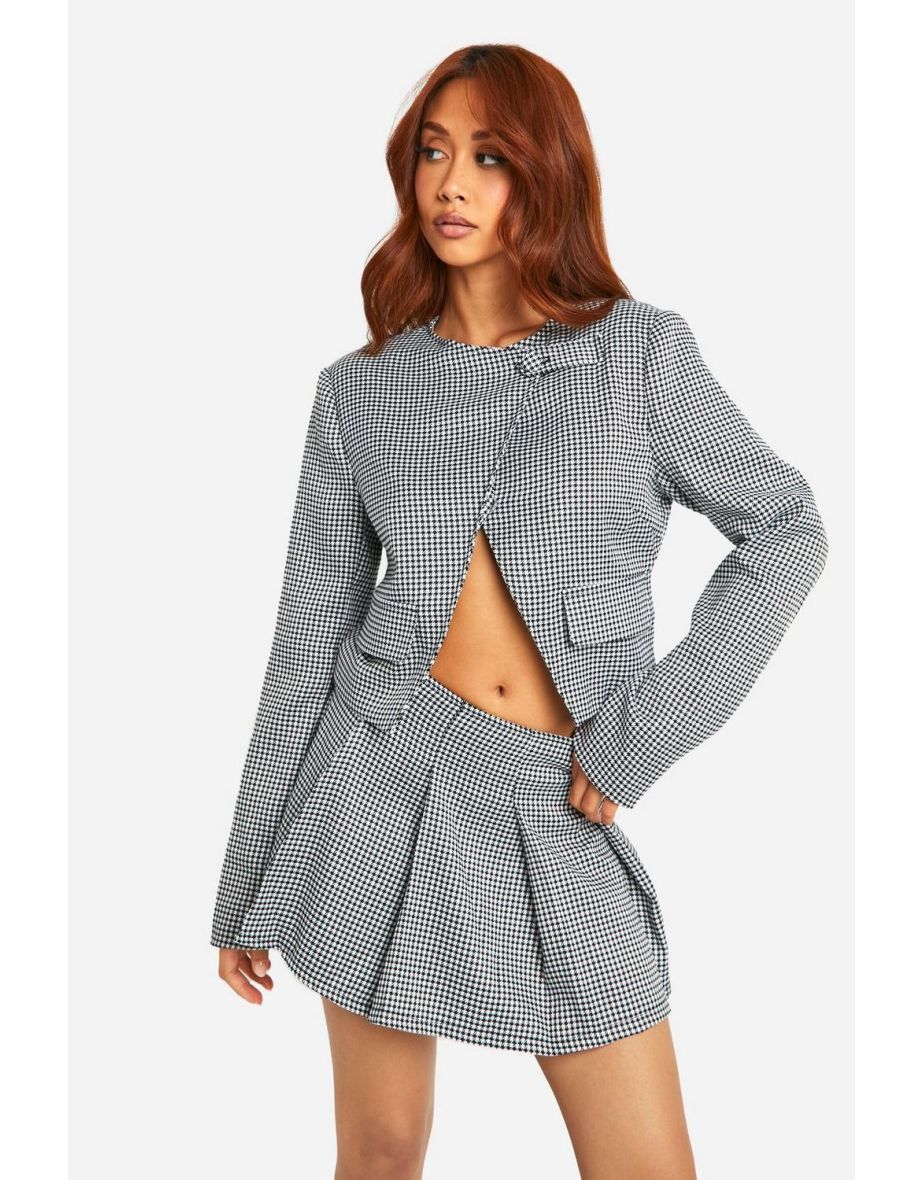 Tonal Mini Dogtooth Pleated Mini Skirt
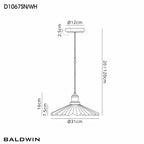 inspired - Baldwin Vintage Style 31cm Single Pendant, 1 x E27, Satin Nickel/White Ceramic Shade - Luminosity Designs Ltd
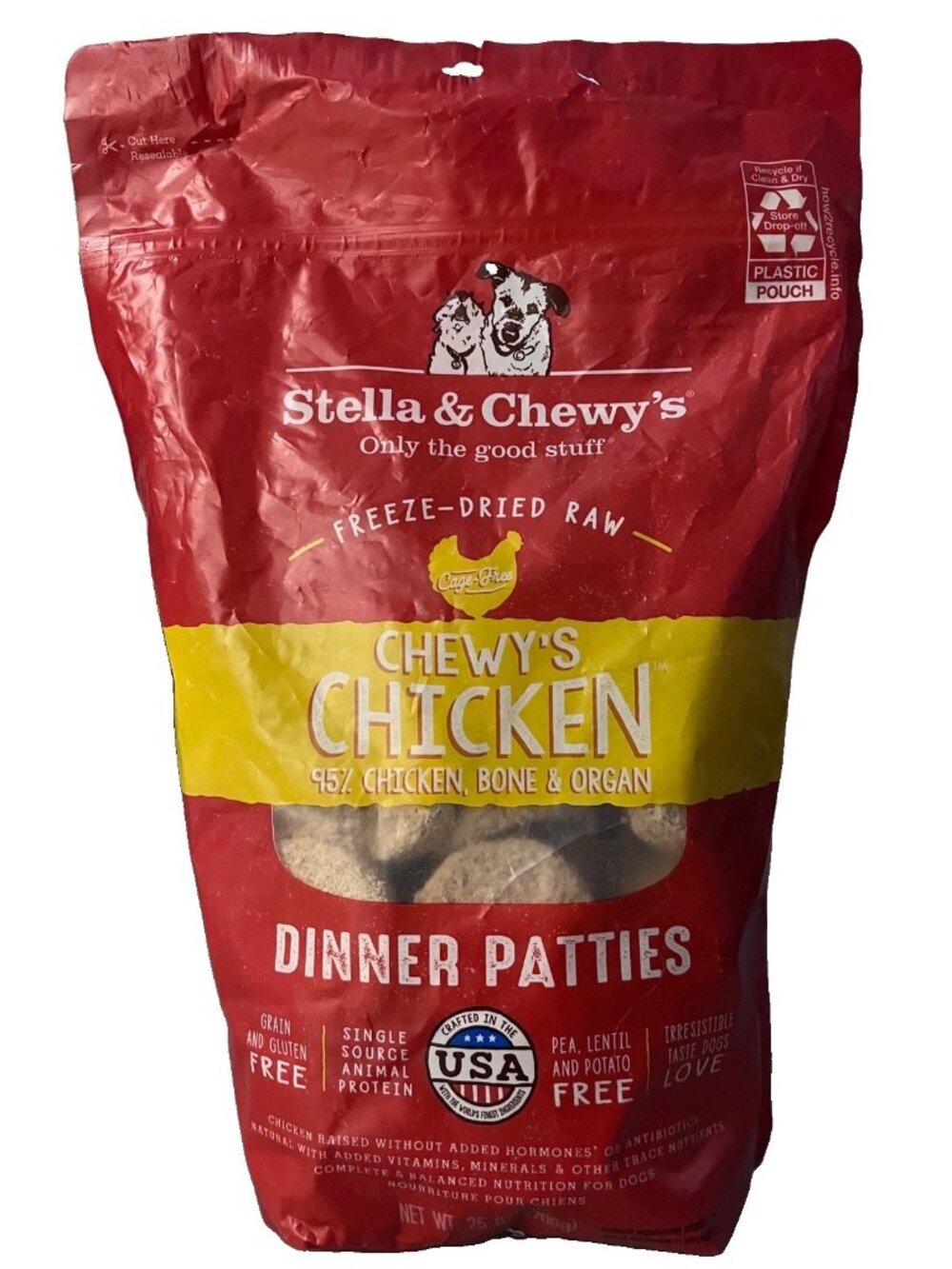 Stella & Chewy's Chicken Freeze Dried Raw Dinner Patties Dog Food 25 oz Bag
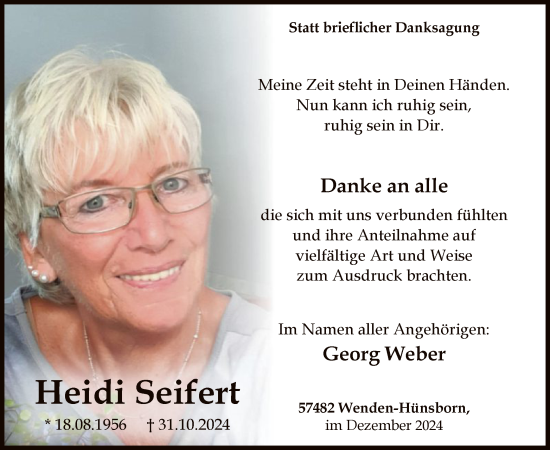 Traueranzeige von Heidi Seifert von WA
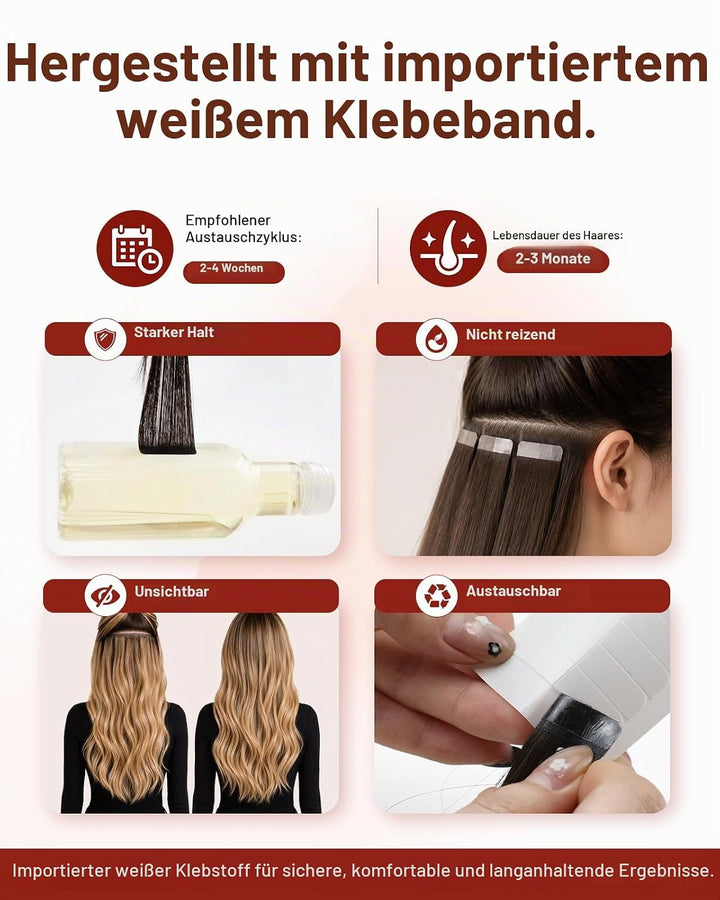 Moresoo Tape Extensions Echthaar Blond 55 cm Unsichtbare Tape in Extensions Blond Aschblond mit Plat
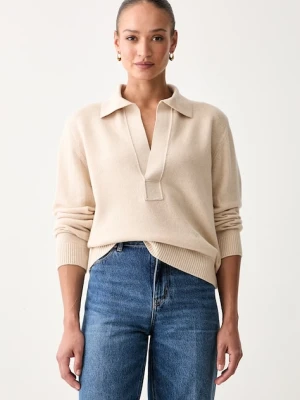 Victoria Beckham sweter damski z wełną beżowy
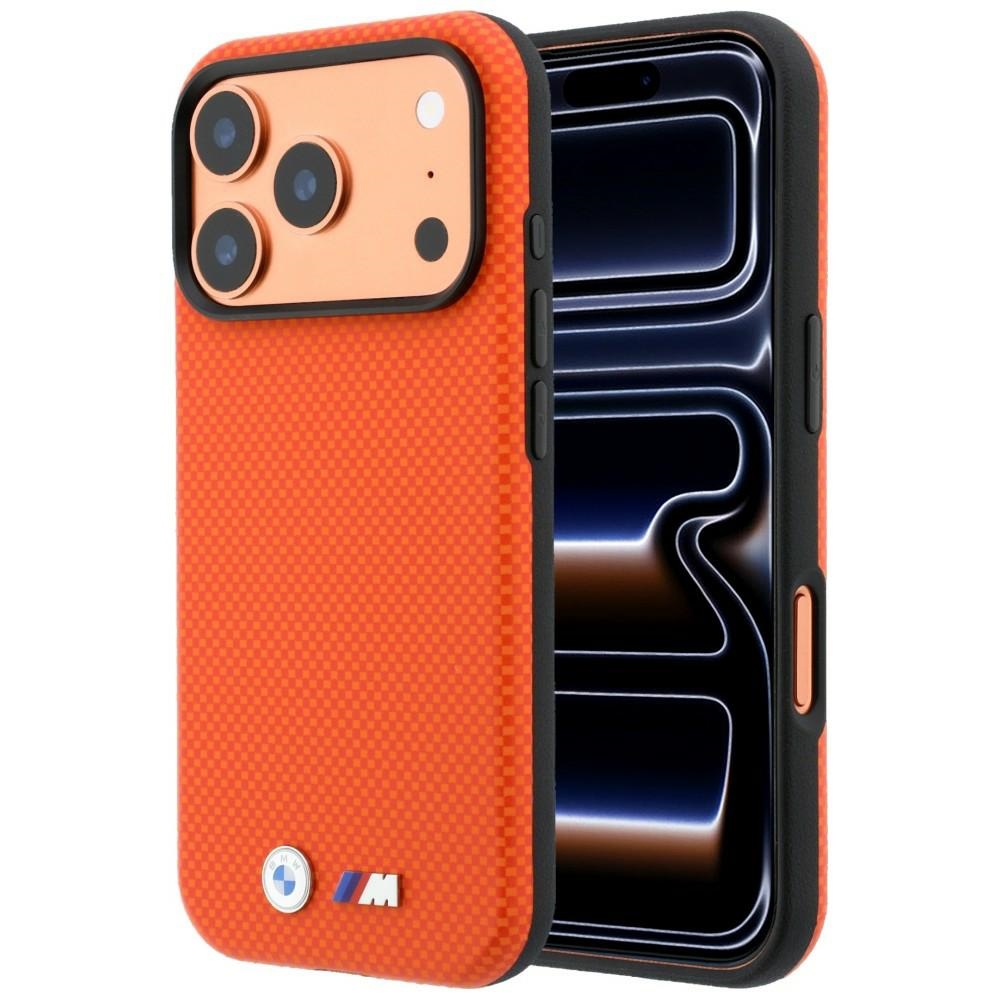 BMW M Quadrille Kevlar Metal Logo MagSafe ümbris mudelile iPhone 17 Pro / 18 Pro – oranž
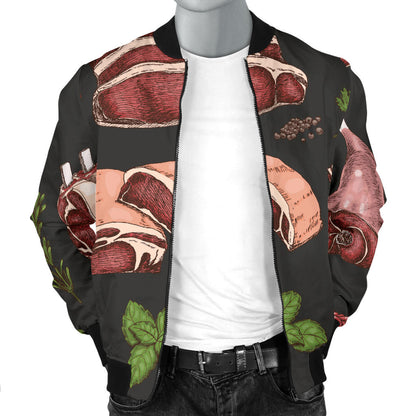 Meat Pattern Print Design 02 Men Bomber Jacket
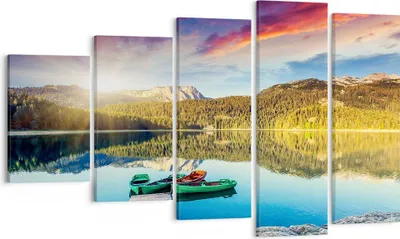 Produktbild von Bild auf Leinwand - Leinwandbild - See Berge Wasser - 100x60cm - Wand Bild - Wanddeko - Wandbilder - Leinwanddruck - Bilder - Kunstdruck - Wanddekoration - Leinwand bilder - Wandkunst - EG100x60-3595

==========

• Work order: Only the lines from the beginning of the records through the line bearing "Meat Pattern Print" belong in the answer, copied word for word with pictures left out.

• Written response:
 Tonal Mini Dogtooth Pleated Mini Skirt
 inspired - Baldwin Vintage Style 31cm Single Pendant, 1 x E27, Satin Nickel/White Ceramic Shade - Luminosity Designs Ltd
 Stella & Chewy's Chicken Freeze Dried Raw Dinner Patties Dog Food 25 oz Bag
 Traueranzeige von Heidi Seifert von WA
 Moresoo Tape Extensions Echthaar Blond 55 cm Unsichtbare Tape in Extensions Blond Aschblond mit Plat
 Victoria Beckham sweter damski z wełną beżowy
 BMW M Quadrille Kevlar Metal Logo MagSafe ümbris mudelile iPhone 17 Pro / 18 Pro – oranž
 Meat Pattern Print Design 02 Men Bomber Jacket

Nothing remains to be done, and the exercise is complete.